= John Bromley (translator) =

John Bromley, English churchman and translator, died 1717

John Bromley (died 10 January 1717) was an English clergyman, Catholic convert, and translator.

==Life==
Bromley was a native of Shropshire. He was educated at Shrewsbury School and Magdalene College, Cambridge, according to Venn, although his biographer Thompson Cooper, in the Dictionary of National Biography tentatively identified him with a John Bromley who was a student at Christ Church, Oxford who graduated B.A. in 1685 and M.A. in 1688.

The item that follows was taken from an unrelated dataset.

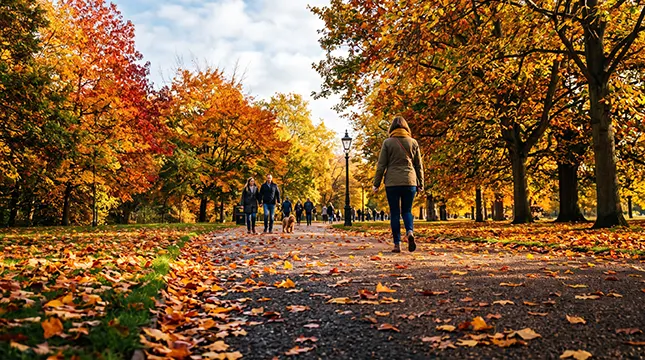 Why Autumn Is Traditionally a Strong Season to Move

At the beginning of James II's reign he was curate of St. Giles's-in-the-Fields, London, but soon afterwards he joined the Roman Catholic Church and obtained employment as a corrector of the press in the king's printing-house. On being deprived of this means of subsistence, he established a boarding-school in London which was attended by the sons of many persons of rank. Charles Dodd claimed he taught Alexander Pope. Later Bromley was appointed tutor to some young gentlemen, and travelled with them abroad.

His death occurred at Madeley, Shropshire on 10 January 1717.

==Works==
According to Dodd, he published The Catechism for the Curats, composed by the Decree of the Council of Trent, faithfully translated into English (London 1687). He was probably also the translator of The Canons and Decrees of the Council of Trent (London 1687).